■ EXERCISE DESCRIPTION: Go to the line holding "Play Gun Strike 2 Alpha" in the data below and repeat it exactly, then each line after it up to and including the one holding "8+2 Head Marble". Omit pictures.

■ DATASET ENTRIES:

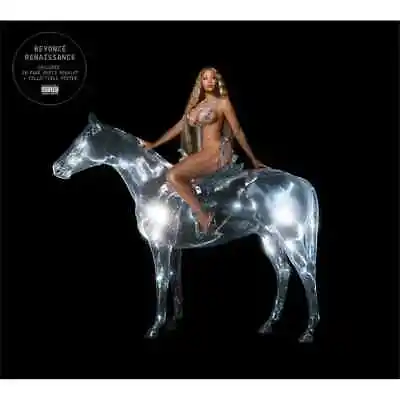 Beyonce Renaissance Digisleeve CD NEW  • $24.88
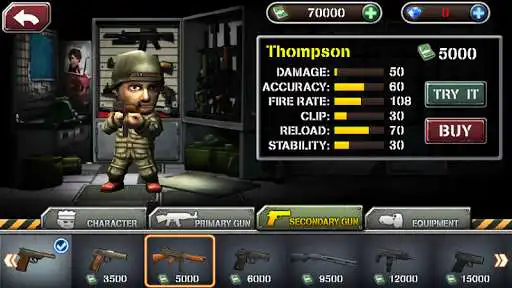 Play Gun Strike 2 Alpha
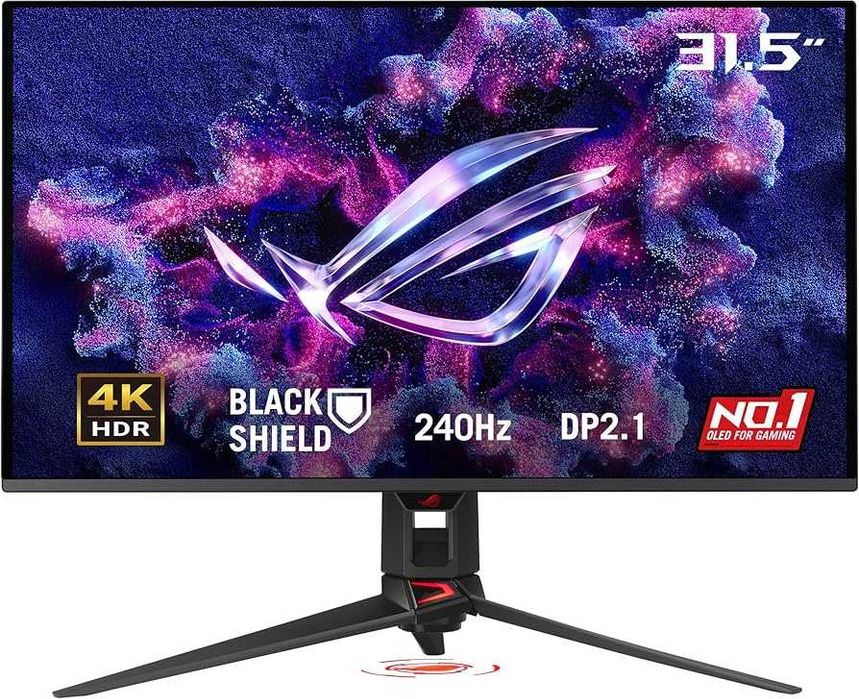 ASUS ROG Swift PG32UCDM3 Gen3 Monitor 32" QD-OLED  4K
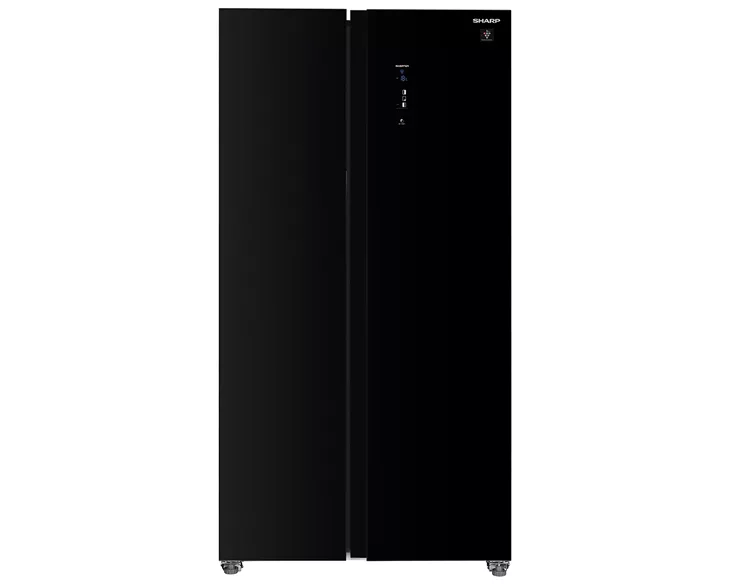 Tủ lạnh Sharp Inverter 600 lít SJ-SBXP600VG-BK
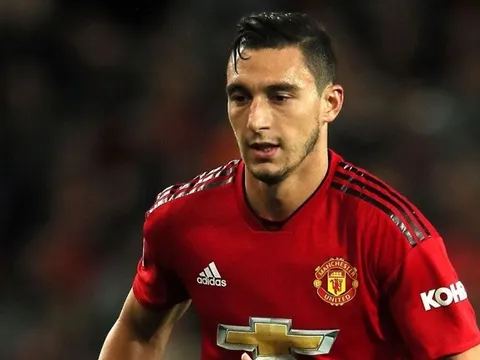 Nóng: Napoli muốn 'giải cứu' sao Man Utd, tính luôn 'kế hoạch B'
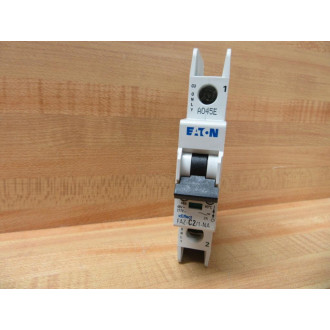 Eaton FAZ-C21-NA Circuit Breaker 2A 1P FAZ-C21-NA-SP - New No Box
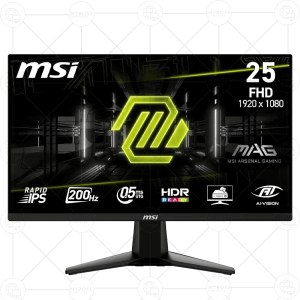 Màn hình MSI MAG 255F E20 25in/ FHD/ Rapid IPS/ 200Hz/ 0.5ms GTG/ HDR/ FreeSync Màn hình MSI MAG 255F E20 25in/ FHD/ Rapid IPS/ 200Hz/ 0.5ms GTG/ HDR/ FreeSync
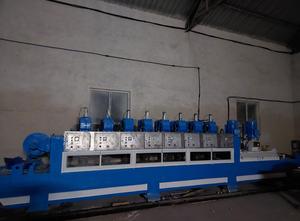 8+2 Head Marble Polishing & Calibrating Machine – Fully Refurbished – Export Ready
==
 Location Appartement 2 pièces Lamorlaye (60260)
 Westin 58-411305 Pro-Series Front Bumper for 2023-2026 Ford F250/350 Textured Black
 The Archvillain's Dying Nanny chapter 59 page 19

■ COMPLETED TASK:
 Play Gun Strike 2 Alpha
 ASUS ROG Swift PG32UCDM3 Gen3 Monitor 32" QD-OLED  4K
 Tủ lạnh Sharp Inverter 600 lít SJ-SBXP600VG-BK
 Nóng: Napoli muốn 'giải cứu' sao Man Utd, tính luôn 'kế hoạch B'
 Eaton FAZ-C21-NA Circuit Breaker 2A 1P FAZ-C21-NA-SP - New No Box
 Màn hình MSI MAG 255F E20 25in/ FHD/ Rapid IPS/ 200Hz/ 0.5ms GTG/ HDR/ FreeSync Màn hình MSI MAG 255F E20 25in/ FHD/ Rapid IPS/ 200Hz/ 0.5ms GTG/ HDR/ FreeSync
 8+2 Head Marble Polishing & Calibrating Machine – Fully Refurbished – Export Ready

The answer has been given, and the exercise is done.